» **PROBLEM DETAILS**
Everything from the line holding "Lexus ES Executive купить на сайте DeffCars" through the final line of the records is to be transcribed exactly, except pictures, and nothing beyond that.
>>>>>
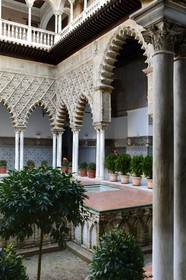 Espagne, Andalousie, Séville, Alcazar de Séville (Reales Alcazares de Sevilla), classé Patrimoine Mondial de l'UNESCO, Cour des Demoiselles (Patio de las Doncellas)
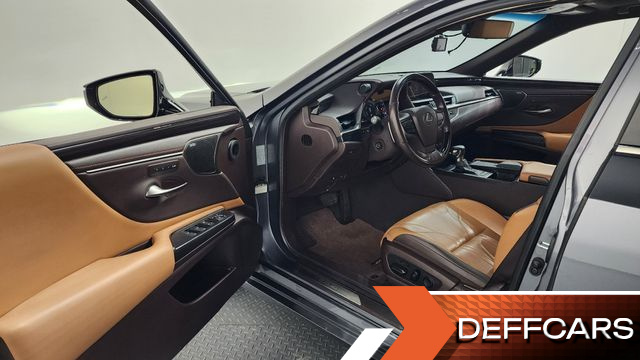 Lexus ES Executive купить на сайте DeffCars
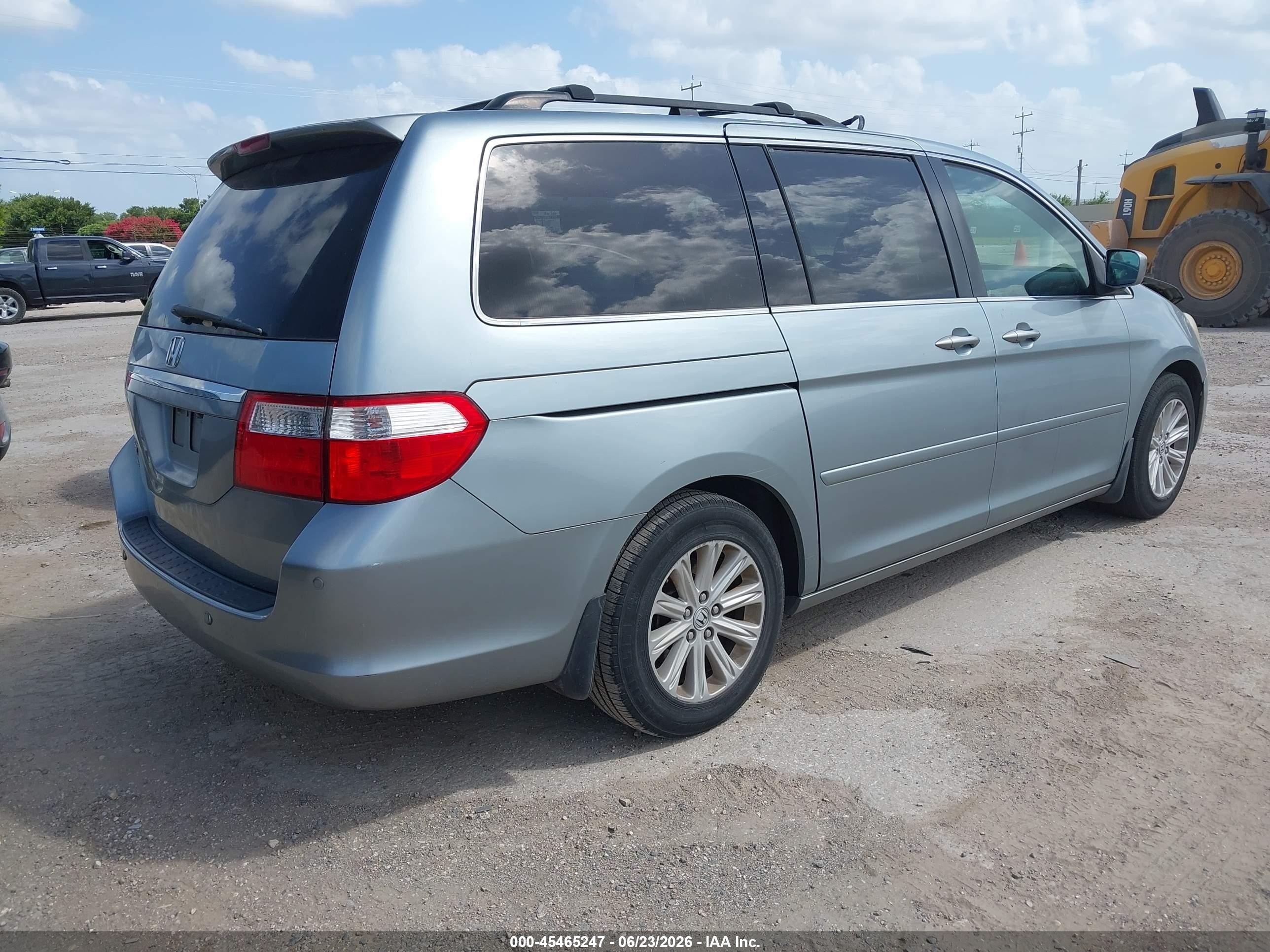 2006 Honda Odyssey Touring Silver vin: 5FNRL38806B105576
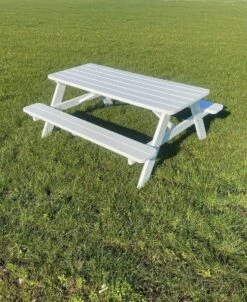 Goedkopepicknicktafels.nl | Witte XL Picknicktafel | Tuintafel 6 Persoons | Wit Gespoten Gedroogd Grenen Hout! -Tuin- En Buitenwinkels 980x1200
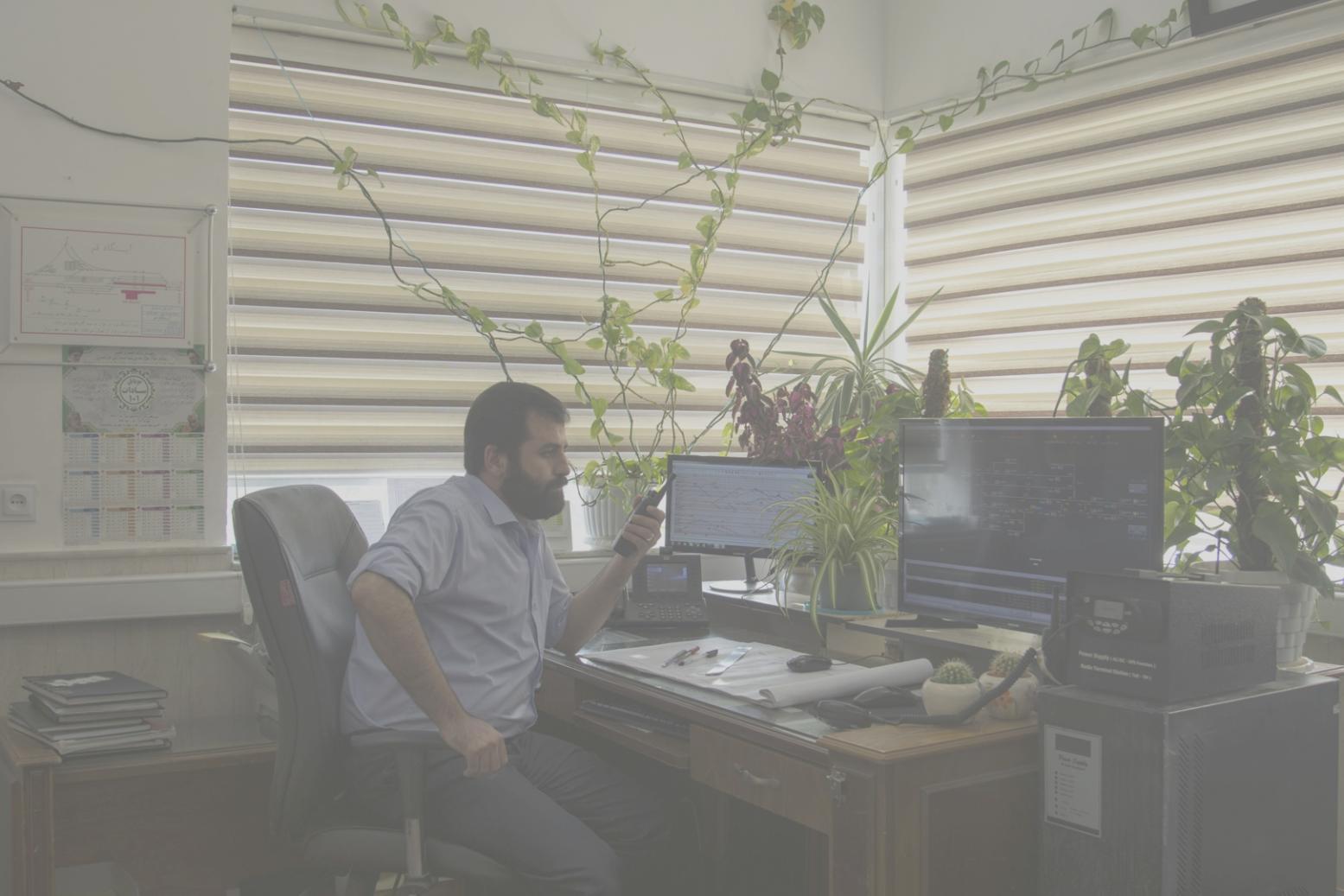Équipe en réunion de travail collaborative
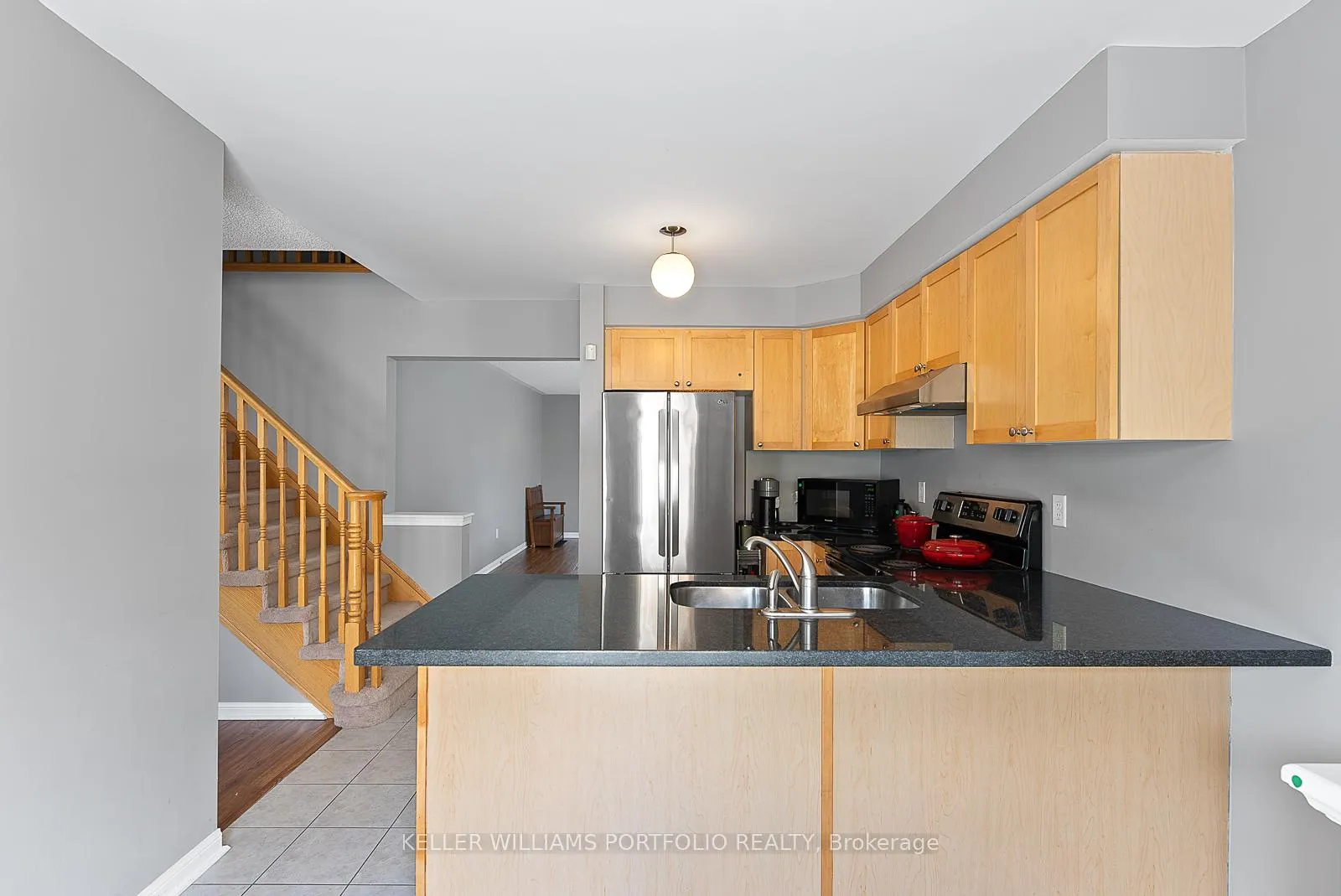 Photo 13 of 2412 Baintree Crescent, Oakville, Westmount — HOMEH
<<<<<
» **TASK OUTPUT**
 Lexus ES Executive купить на сайте DeffCars
 2006 Honda Odyssey Touring Silver vin: 5FNRL38806B105576
 Goedkopepicknicktafels.nl | Witte XL Picknicktafel | Tuintafel 6 Persoons | Wit Gespoten Gedroogd Grenen Hout! -Tuin- En Buitenwinkels 980x1200
Équipe en réunion de travail collaborative
 Photo 13 of 2412 Baintree Crescent, Oakville, Westmount — HOMEH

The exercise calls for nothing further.